Directions for this task: Could you retype only the lines from the one containing "Холодильник HITACHI R-W660PUC7 GBK Холодильник" through the final line of the entries, both included, skipping any images?

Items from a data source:
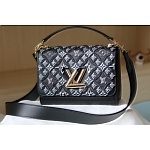 2021 Louis Vuitton Satchels For Women # 238961, cheap LV Satchels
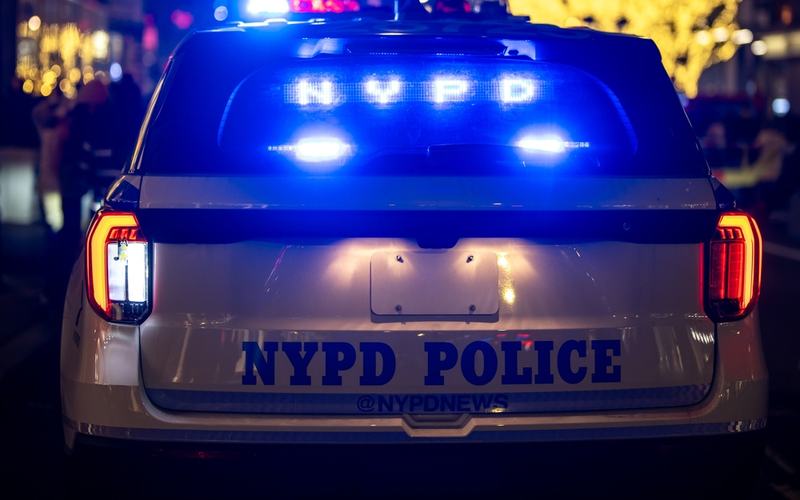 NYPD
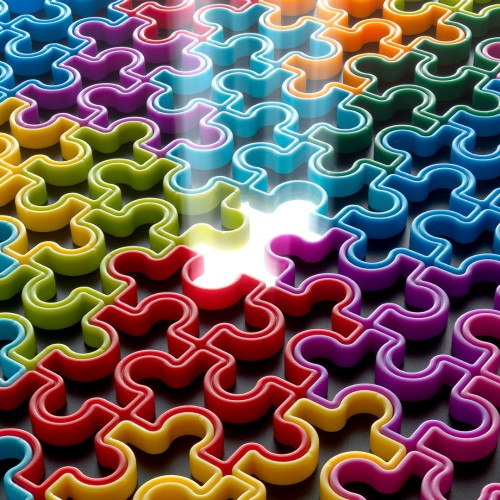 Smart Games IQ Matrix (PL)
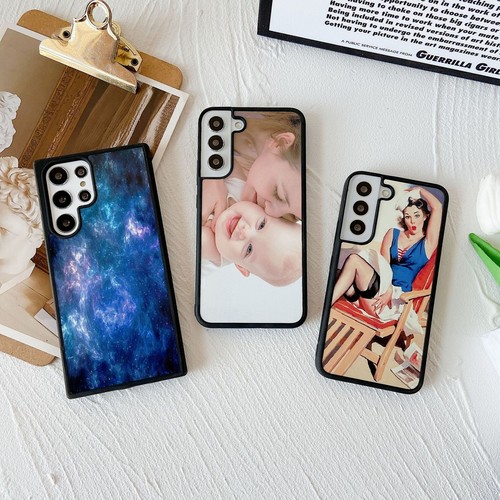 neon daisy flowers dark Shockproof Case For iPhone 14 15 11 12 13 Pro X - Picture 43 of 200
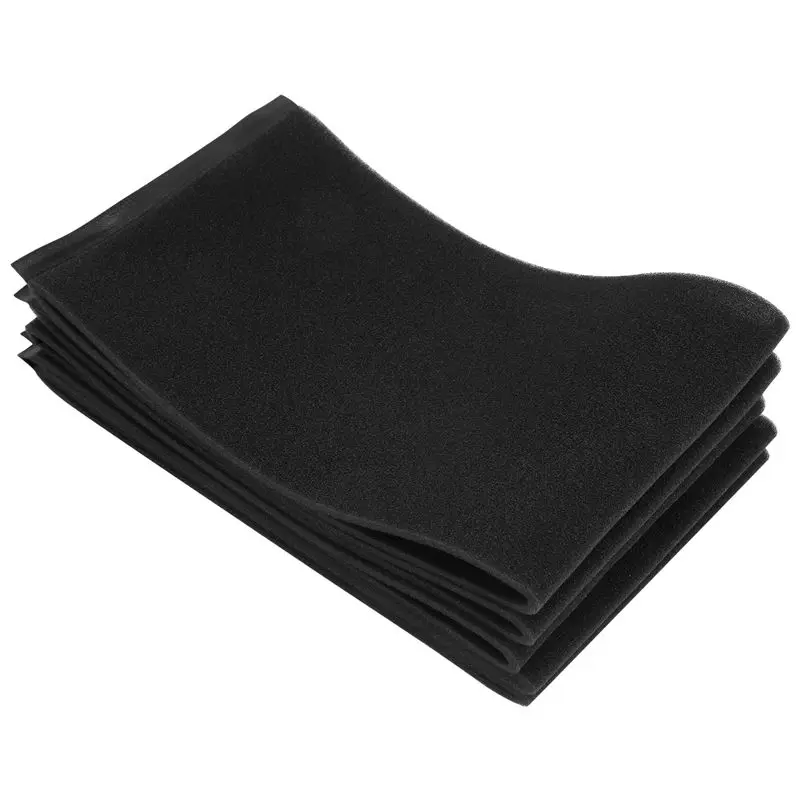 [NOUVEAU!N92R】 5 paquets de filtres en mousse 90585 VF2001, adaptés à la plupart des aspirateurs Shop-Vac, Vacmaster et Genie Shop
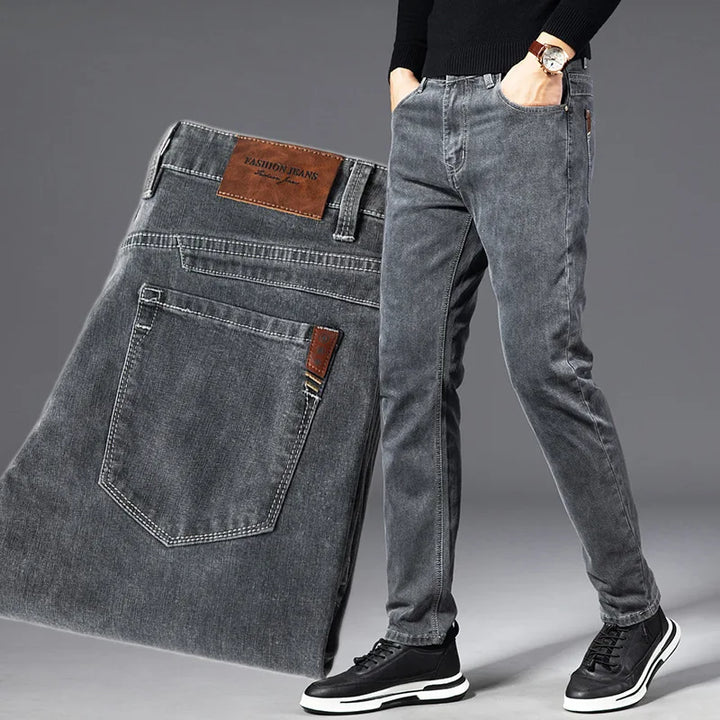 LOUIS DENIM JEANS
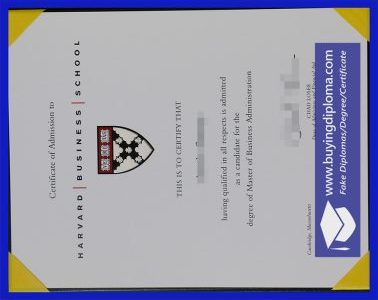 Best Ways to buy Harvard Business School degree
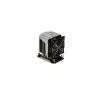 Radiatorius / aušintuvas Supermicro SNK-P0090AP4 pilkas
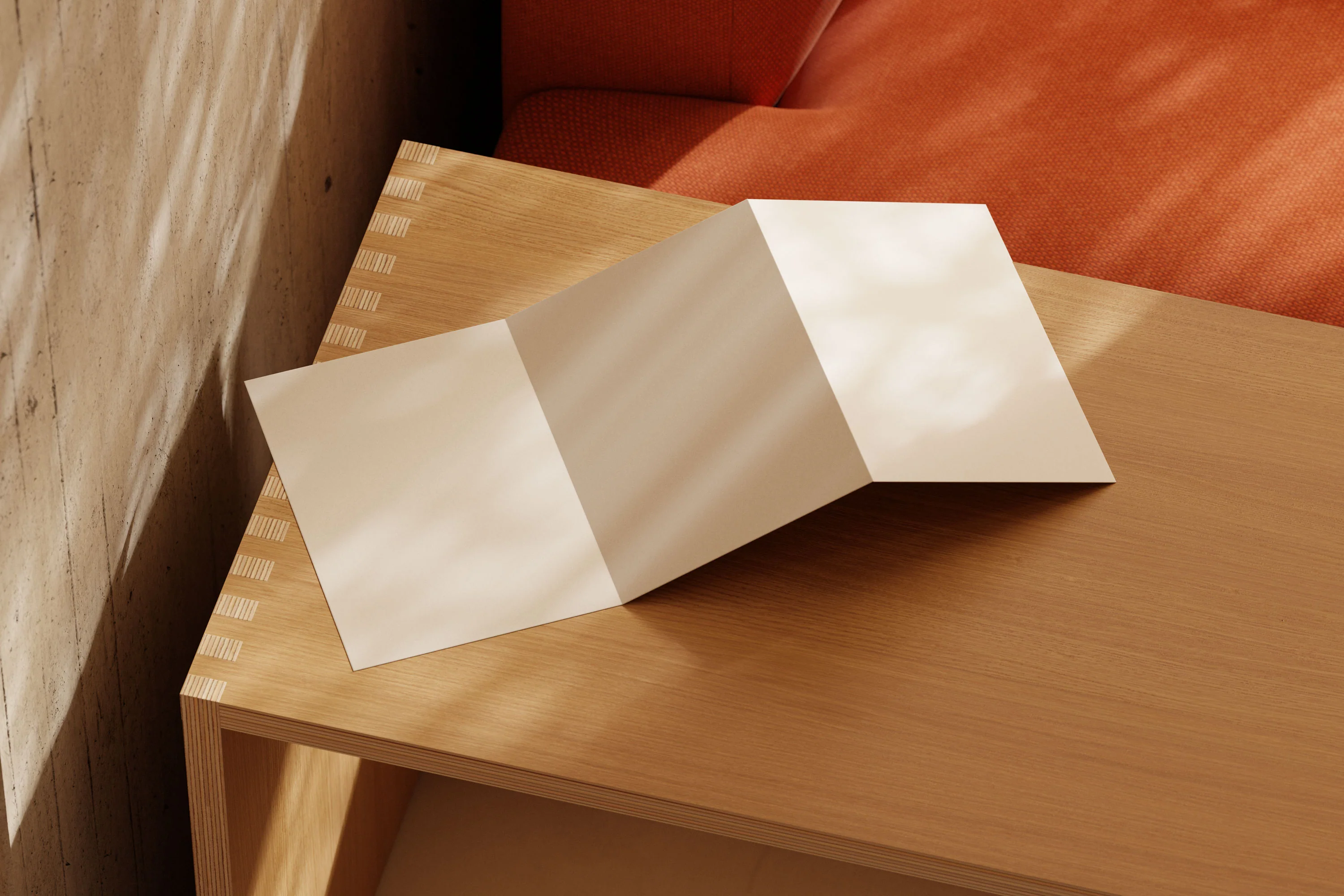 VE09 — Leaflet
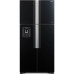 Холодильник HITACHI R-W660PUC7 GBK Холодильник HITACHI R-W660PUC7 GBK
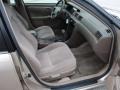 Beige Interior Photo for 1997 Toyota Camry #39310917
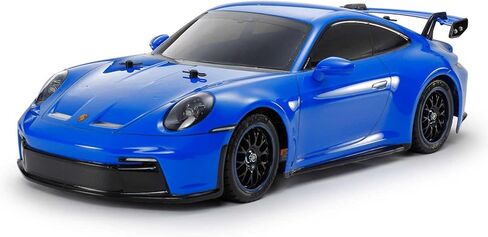 Tamiya 1/10 Porsche 911 GT3 992 TT-02 4x4 On-Road Touring Kit TAM58712 in Saudi Arabia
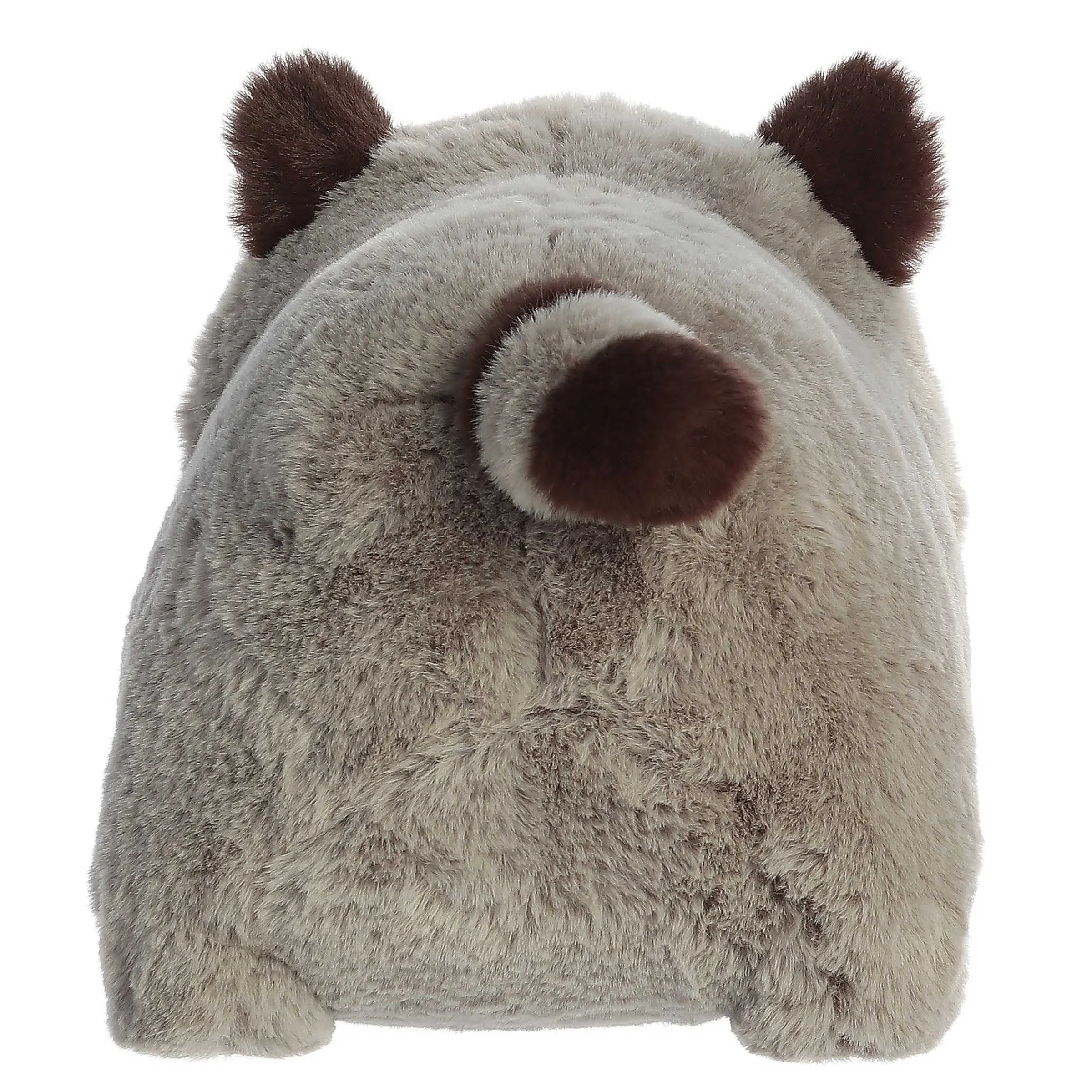 Discount - Spudsters - 10" Rory Raccoon New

Result:
 Холодильник HITACHI R-W660PUC7 GBK Холодильник HITACHI R-W660PUC7 GBK
 Beige Interior Photo for 1997 Toyota Camry #39310917
 Tamiya 1/10 Porsche 911 GT3 992 TT-02 4x4 On-Road Touring Kit TAM58712 in Saudi Arabia
 Discount - Spudsters - 10" Rory Raccoon New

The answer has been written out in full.